Linux Image Prerequisites

To build a Linux custom machine image, you need:

  • An account on your target infrastructure, AWS, Azure, or vSphere.
  • A macOS or Linux workstation with the following installed:
    • Docker Desktop
    • For AWS: The aws command-line interface (CLI)
    • For Azure: The az CLI
    • For vSphere: To build a RHEL 8 image you need a Linux workstation, not macOS.

(Class-Based, vSphere) Retrieve the OS Image Version

Before building an image to use for class-based clusters on vSphere, you must retrieve the OS image version that is associated with the default Ubuntu OVA for the Kubernetes version that you want to use for your custom image. You will assign this OS image version to your custom image in the Build a Linux Image step below.

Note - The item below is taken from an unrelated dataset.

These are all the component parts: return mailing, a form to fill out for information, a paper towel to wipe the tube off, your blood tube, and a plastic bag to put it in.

To retrieve the OS image version, do one of the following depending on your use case:

  • If you have a running management cluster that was created using the default Kubernetes version for the current Tanzu Kubernetes Grid version, you can retrieve the OS image version from the cluster:

    1. Set your kubectl context to the management cluster.

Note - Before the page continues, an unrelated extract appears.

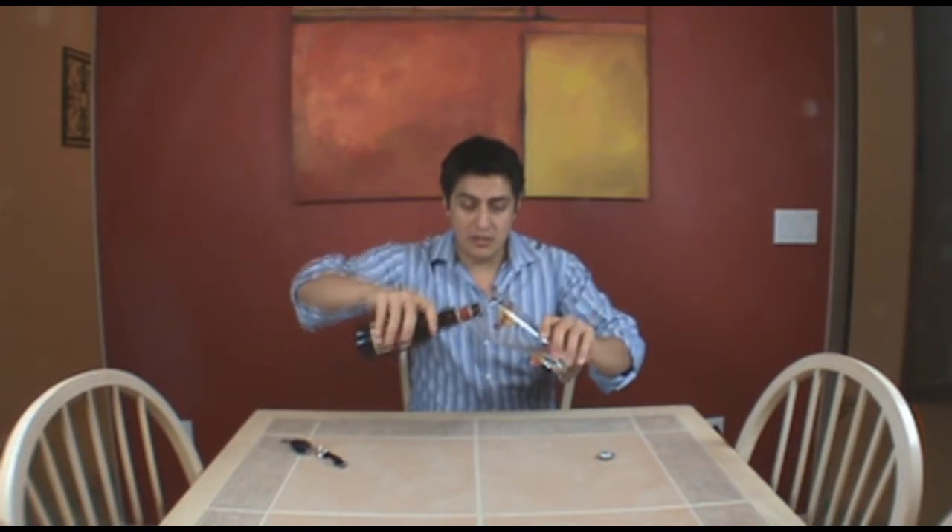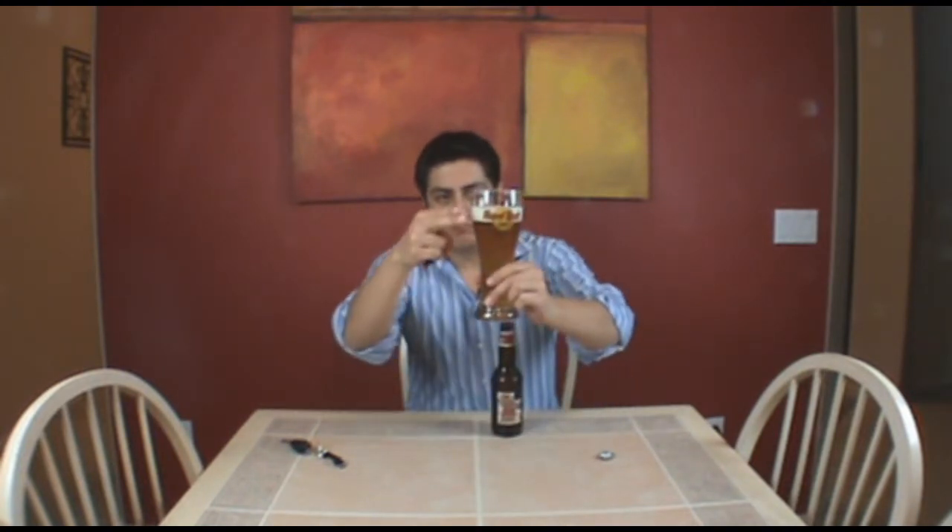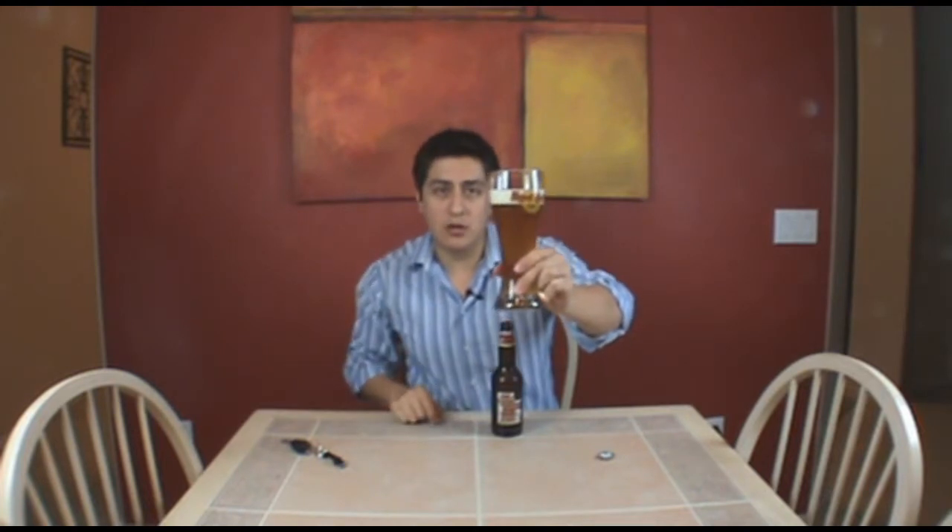At most bars, you normally tilt your glass to prevent any foam from forming up. But when it comes to craft beer, you actually want to get a little bit of that foam to form up. So the first thing is, go ahead and open up the beer, and pour with the glass tilted about a quarter to half, then pour it down hard. Towards the end, watch out and make sure you don't have any yeast coming down. You may even want to keep a little bit of beer in the bottle. Essentially, you want about one to two fingers worth of foam.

    2. From the list of available TKrs, choose the Tanzu Kubernetes Release (TKr) for the Kubernetes version that you want to use for you custom image. For example, v1.26.8---vmware.2-tkg.1. To list available TKrs, run:

      kubectl get tkr
      
    3. Open the TKr and record the osImages property. This property specifies the names of OSImage objects associated with the TKr.

    4. List OSImage objects in Kubernetes:

      kubectl get osimages
      
    5. In the output, find the OSImage object listing that matches the TKr osImages name for the default Ubuntu OVA.

    6. Record the NAME property of the OSImage listing and replace its embedded --- with a + character. For example, v1.26.8+vmware.1-tkg.1-0edd4dafbefbdb503f64d5472e500cf8.

  • If you do not have a running management cluster that was created using the default Kubernetes version for the current Tanzu Kubernetes Grid version, you can retrieve the OS image version directly from the default Ubuntu OVA, either locally or from vSphere:

    • To retrieve the OS image version locally:

      1. Download the default Ubuntu OVA for your target Kubernetes version:

        1. Go to the Broadcom Support Portal and log in with your VMware customer credentials.
        2. Go to the Tanzu Kubernetes Grid downloads page
        3. In the version drop-down, select 2.3.1.
        4. Download the OVA. For example, Ubuntu 2004 Kubernetes v1.26.8 OVA.
      2. Unpack the downloaded OVA using the extraction tool of your choice.
      3. In the unpacked directory, locate the .ofv file.
      4. In the .ofv file, search for the OVA VERSION property and record its value. For example, v1.26.8+vmware.1-tkg.1-0edd4dafbefbdb503f64d5472e500cf8. The property looks similar to the following:

        <Property ovf:key="VERSION" ovf:type="string" ovf:userConfigurable="false" ovf:value="v1.26.8+vmware.1-tkg.1-0edd4dafbefbdb503f64d5472e500cf8"/>
        
    • If you already uploaded the default Ubuntu OVA for your target Kubernetes version to vSphere, you can alternatively retrieve the OS image version by inspecting the OVA VM properties in the vSphere UI or by using the govc CLI. To use this method, retrieve the OS image version before converting the OVA VM to a template.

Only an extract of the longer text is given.